The BNP on Sunday put forward a proposal to the National Consensus Commission where it said that no individual should serve more than two consecutive terms as prime minister and called for increasing the powers of the president to ensure a balance of power.
The BNP, however, suggested that a break after two terms could allow the same person to become PM once again.
The party presented the proposals at a meeting with the National Consensus Commission at the Jatiya Sangsad Bhaban on Sunday.
To build political consensus on reforms, the National Consensus Commission is holding a series of dialogues with political parties based on recommendations from five different commissions. Discussions with BNP was part of this effort. After full-day meetings on Thursday and Sunday, the talks were paused but not concluded.

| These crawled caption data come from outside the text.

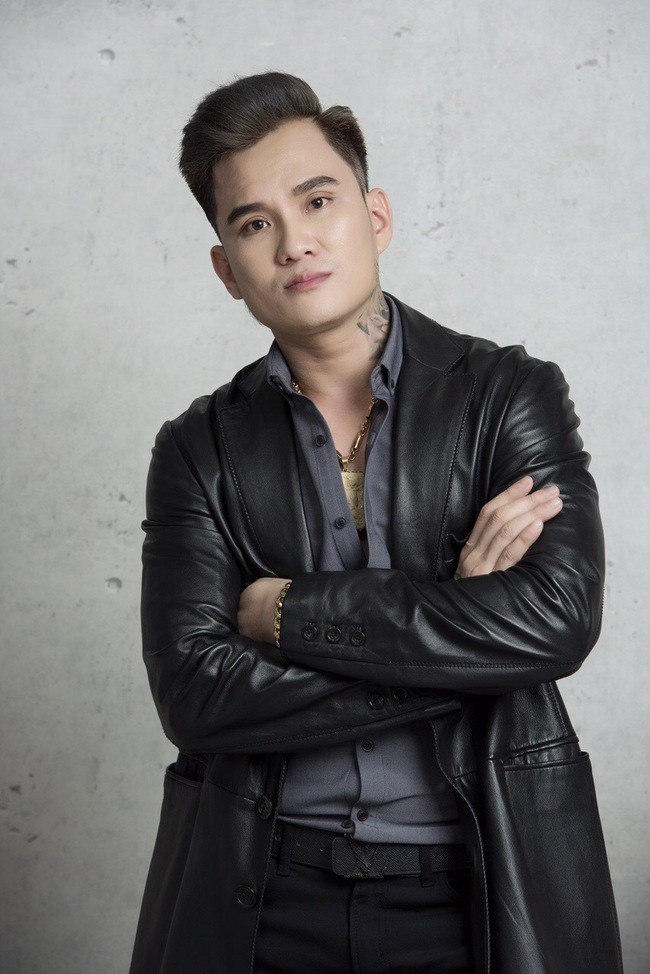 Ca sĩ hát hội chợ trở thành amp;#34;đại gia nghìn tỷamp;#34; nức tiếng miền Tây khiến dân mạng ngỡ ngàng - 20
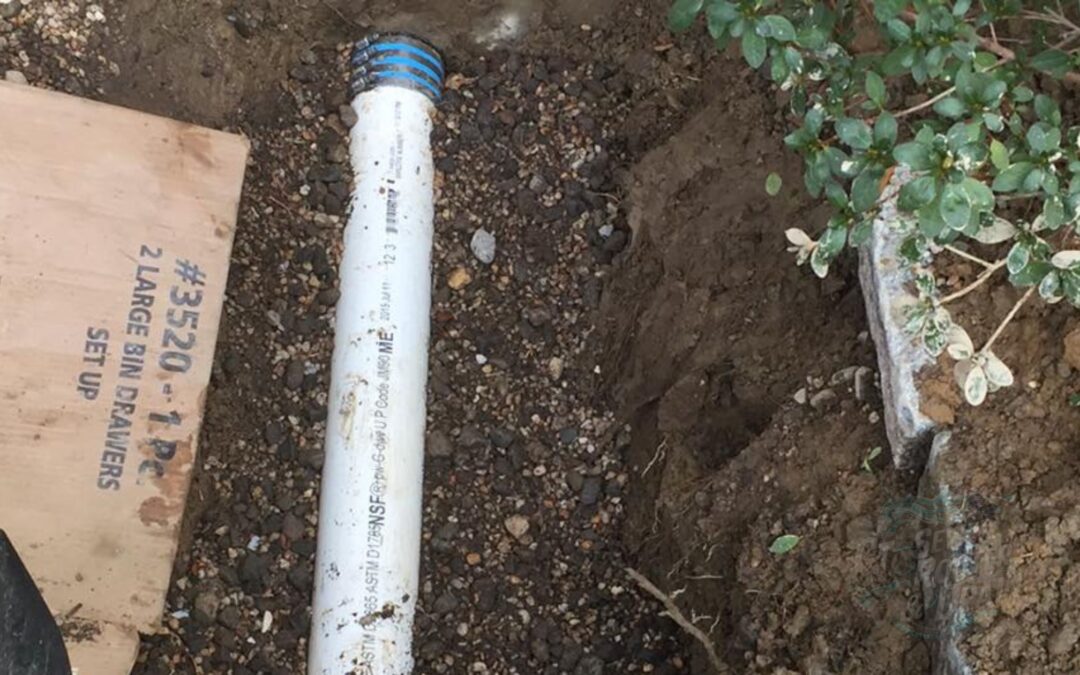 Emergency Plumber Fairfield: Fast Solutions for Burst Pipes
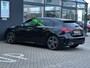 Mercedes-Benz A-klasse 180 Business Solution AMG/1STE EIG/SFEERVERLICHTING/NL-AUTO NAP!!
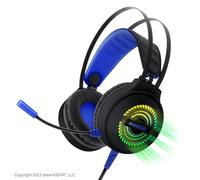 dreamGEAR BIONIK GRX-500 PER PLAYSTATION 4 & PLAYSTATION 5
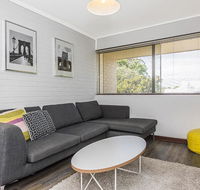 Rosalie 34 - Accommodation Gladstone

Earlier in March, the commission suggested that an individual can be the prime minister two times at most. Consecutively or through any other means, the individual cannot be the prime minister more than twice.

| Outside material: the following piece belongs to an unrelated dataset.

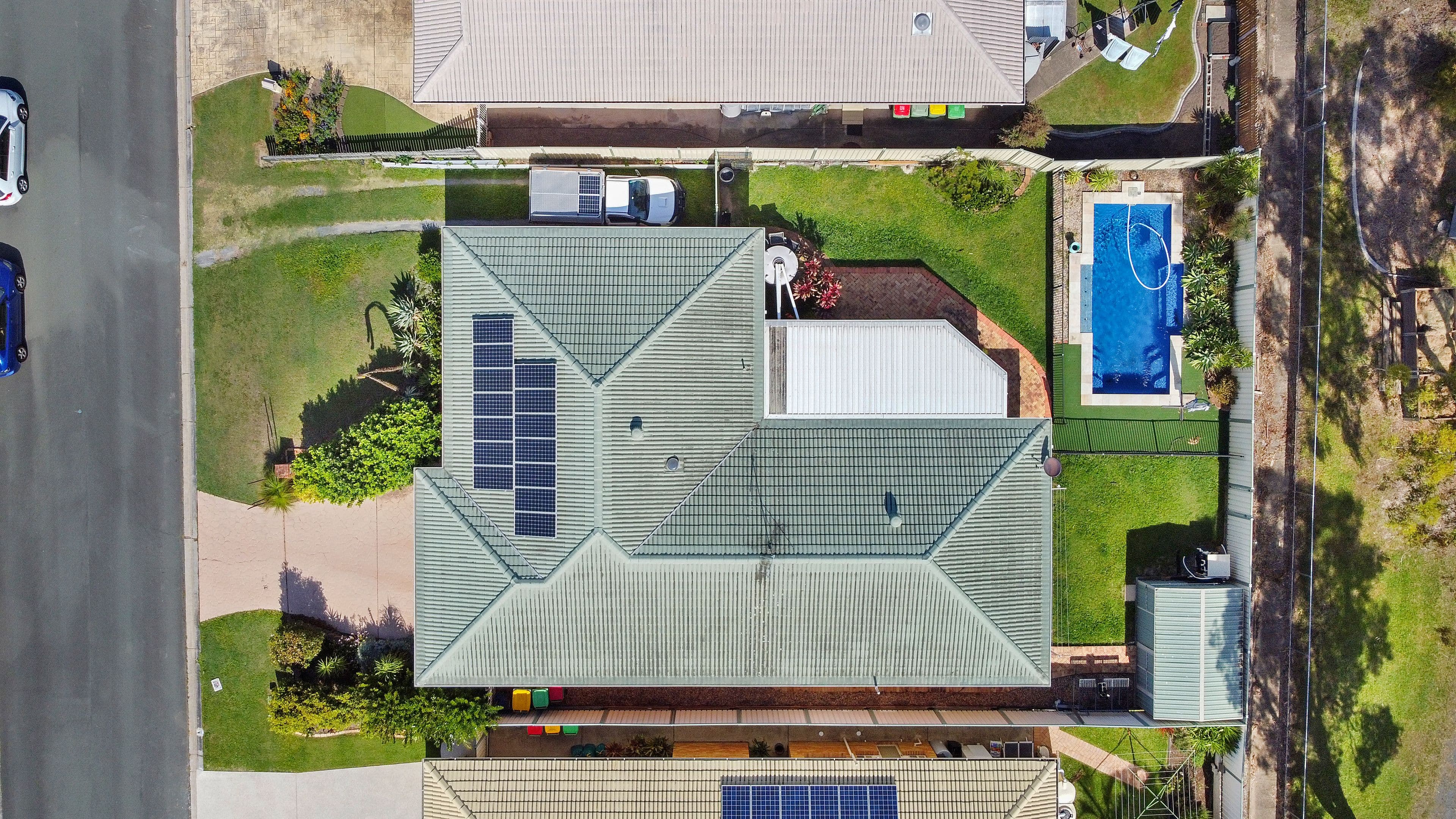 9 Champagne Crescent, Thornlands QLD 4164, Thornlands - Image 1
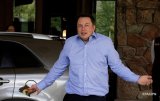 Акціонерам Tesla радять зняти Ілона Маска з посту голови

According to sources, Sunday’s meeting covered nearly all recommendations of the Constitutional Reform Commission and several from the Judicial Reform Commission. Following a lunch break, the discussion turned to the number of terms one individual can serve as Prime Minister. BNP maintained its previous position during the talks. At one point, the Consensus Commission proposed a revised suggestion: a person could serve up to three terms as Prime Minister, with a break after two consecutive terms. Although the proposal was discussed, BNP did not give a final response.
BNP also disagreed with another recommendation from the Constitutional Reform Commission-that the same individual should not hold the positions of Prime Minister, parliamentary leader, and party chief simultaneously. According to sources, the BNP argued that determining the leadership of the party and the leader to be recommended as the PM is an internal matter for the party itself.
BNP Standing Committee member Salahuddin Ahmed commented: “There is no such practice barring the same person from being both head of government and party chief – even in the United Kingdom, this is not the case.”
Asked about the Reform Commission’s proposal limiting a person to three terms as Prime Minister, Professor Dr. Lt. Col. Nazmul Ahsan Kalimullah, Chairman of Jatiya Nirbachon Parjobekkhon Parishad (Janipop), said: “To prevent the kind of democratic backsliding we’ve seen over the past 16 years, the best recommendation would have been to allow a person to serve only one term as Prime Minister.”